The Santa Barbara Trust for Historic Preservation has launched a fundraising campaign of $10,000 to upgrade a historic area in downtown Santa Barbara.
The funds raised from the online campaign will go directly to improvements to the intersection adjacent to the Moullet House at 834 Santa Barbara St.
The project is slated to improve the streetscape, reduce the amount of asphalt and expand the patio to restore the appearance of a front entry to the Victorian home. Plans also call for adding above-ground planters as car barriers to expand outdoor dining, and restore the vintage planter and light fixture at the corner of the site.
“This is a project of a scale that we think the community can help us fix it,” said Anne Petersen, executive director of the SBTHP. “This is a short-term project. With the community’s support, we can finish in a year.”

The campaign had raised more than $2,280 toward thev$10,000 goal as of Friday.
“The way we identified this project is thinking about the aesthetics of the different intersections in the historic core of downtown,” Petersen said. “We are trying to participate in this bigger conversation about how to revitalize downtown for residents, but also visitors.”
After the upgrades, Petersen said, the site will be a more welcoming and attractive vision of Santa Barbara’s historic downtown core.
Located in the El Presidio de Santa Bárbara State Historic Park, the brick building was built by J.F. Moullet as a residence for his family in 1896.
“It was built before the 1925 earthquake, and a lot of the red brick buildings went down in the earthquake,” Petersen said. “This one survived.
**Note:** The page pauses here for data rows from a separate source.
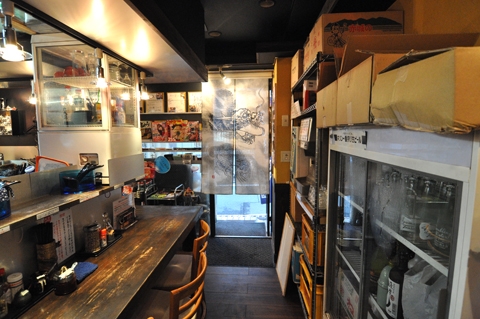 新宿区 / ラーメン屋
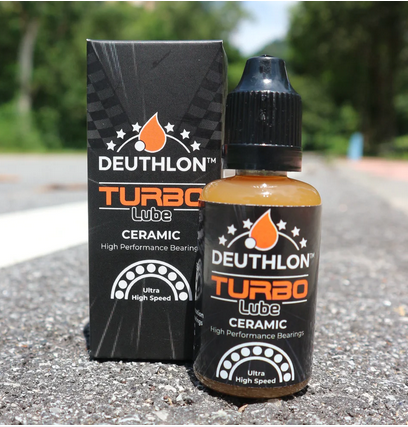 DEUTHLON - Turbo Lube | Cycling lube designed for Racing events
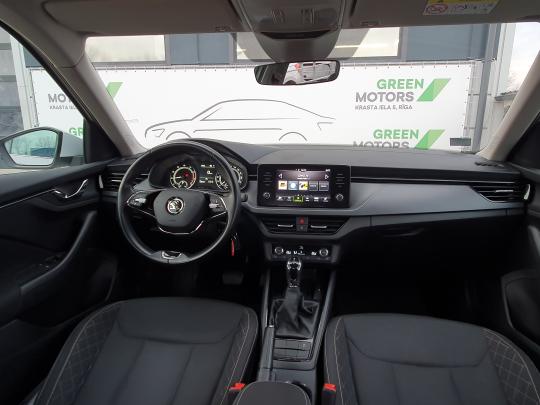 Škoda Kamiq Ambition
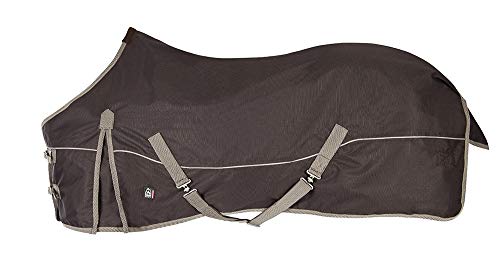 Ganzjahresdecke New Eurasia, braun 125cm Ganzjahresdecke New Eurasia, braun 125cm von PFIFF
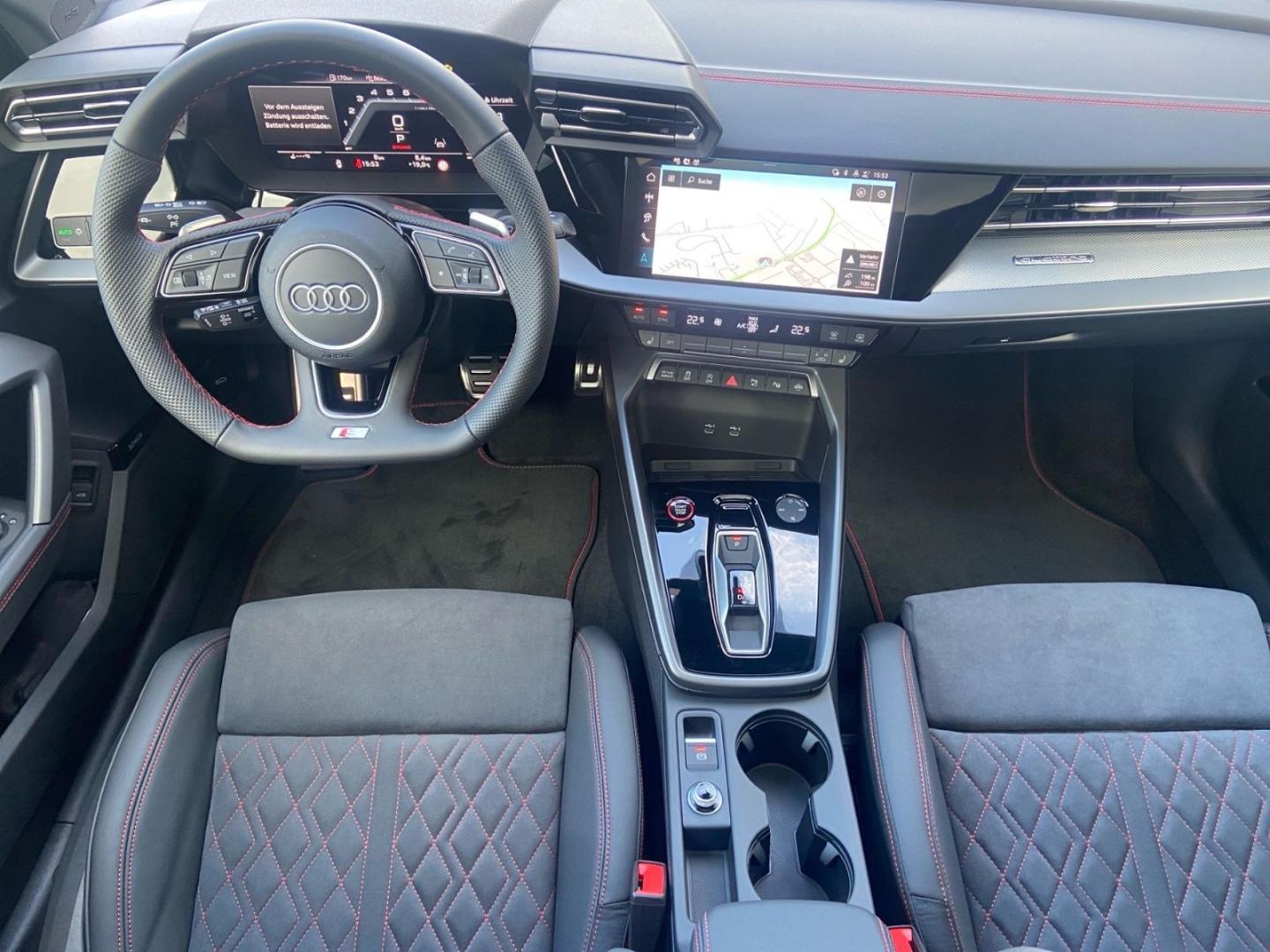 Image about Audi S3 Sportback TFSI quattro S tronic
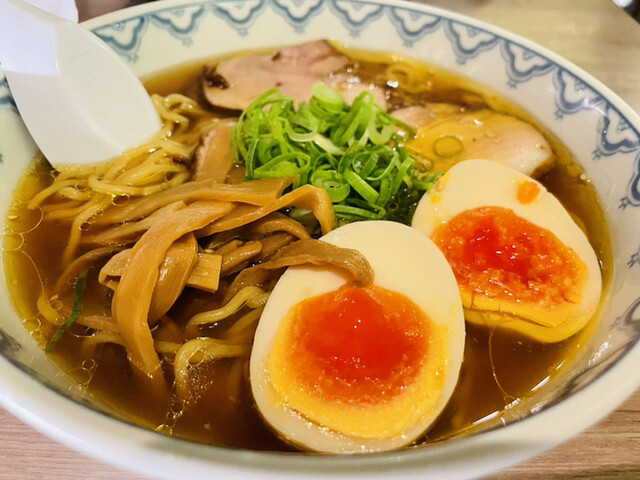 中華そば藤王的實拍高清圖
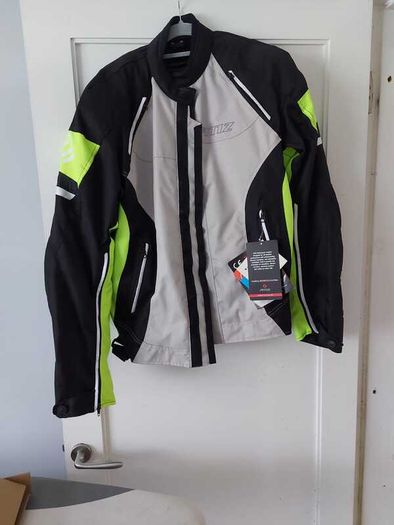 Motorbike jacket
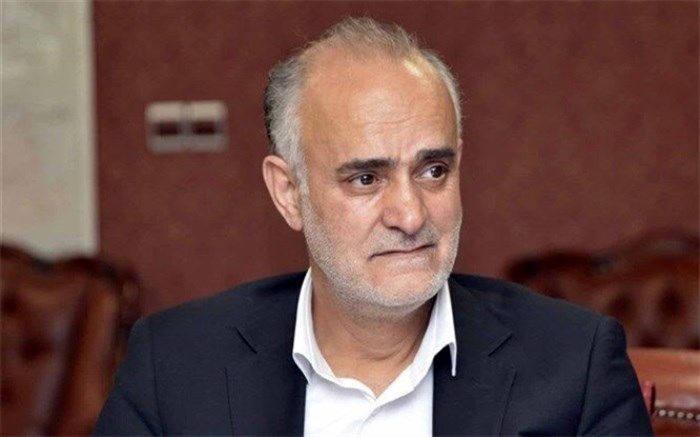 نبی از دبیرکلی فدراسیون فوتبال استعفاء داد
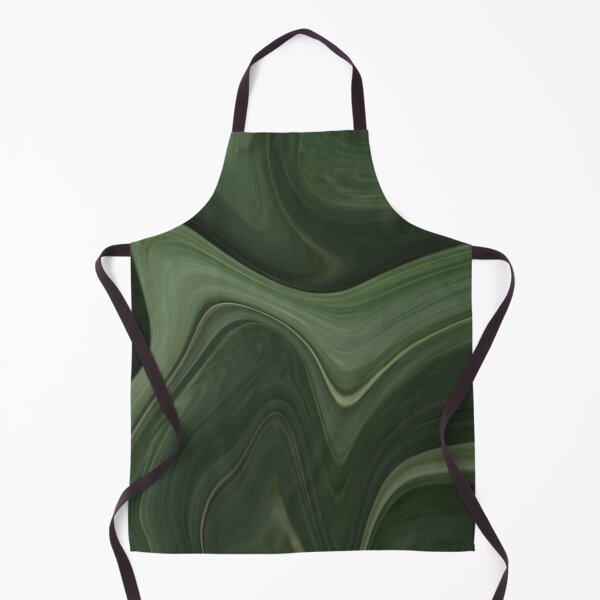 Item preview, Nature Green Liquid Artwork designed and sold by Repayh.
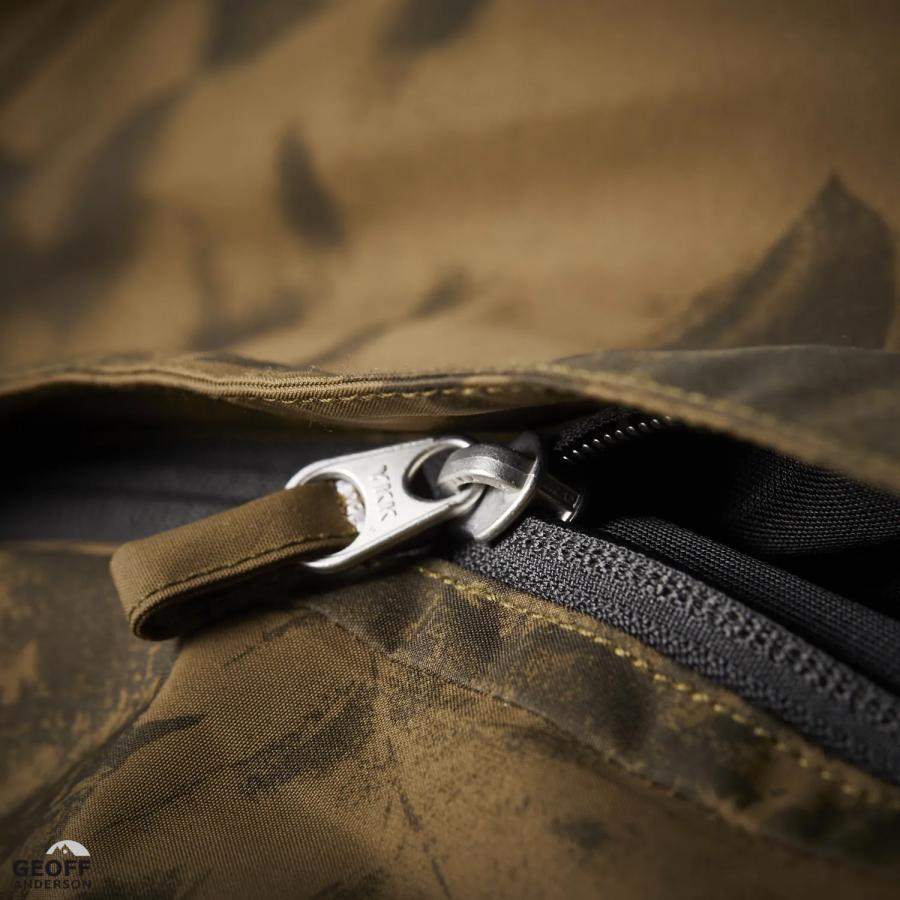 Geoff Anderson Dozer Rough Leaf Jacket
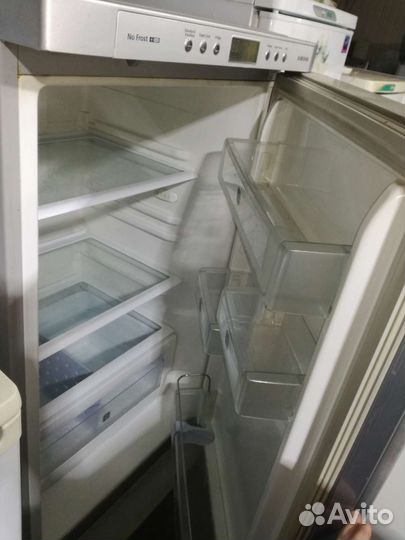 Холодильник samsung ноуфрост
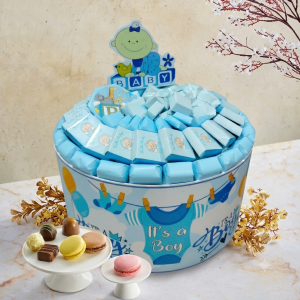 Luxury Baby Welcome Gift Box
It’s amazing we have it.”
It had served as a political headquarters, a liquor store and a printing company. The Panino restaurant has occupied the building since 2012, according to the SBTHP.
“It’s such a classic old building, and I think the proposed improvements add a lot to its character while being low impact to the building’s history and structure,” Panino owner Carter Benson said. “We’re excited.”
The most recent maintenance work involved replacing the sewer lateral in 2018.
The latest preservation activities took place when the SBTHP secured Panino as a tenant eight years ago. At that time, the SBTHP conducted archaeology in the back kitchen as part of its tenant improvements. The work exposed stone foundations of Presidio soldiers’ residences under the floor of the kitchen.
In 2018, the city designated the building a structure of merit.

The SBTHP, a nonprofit organization, is working to protect, preserve, restore, reconstruct and interpret historic sites in Santa Barbara County. The organization operates El Presidio de Santa Bárbara State Historic Park, 123 E. Canon Perdido St., under an agreement with California State Parks.
El Presidio de Santa Bárbara — a fort for the Spanish military — was founded in April 1782. Its center was at the intersection of Santa Barbara and East Canon Perdido streets in Santa Barbara.
“We do a lot of maintenance projects in the park and a lot of care of the historic buildings,” Petersen said.
Click here for more information about donating to the campaign.
“The visual impact this is going to have on what the Presidio neighborhood looks like is going to be something the community can be proud of if they support us,” Petersen said. “No gift is too small.”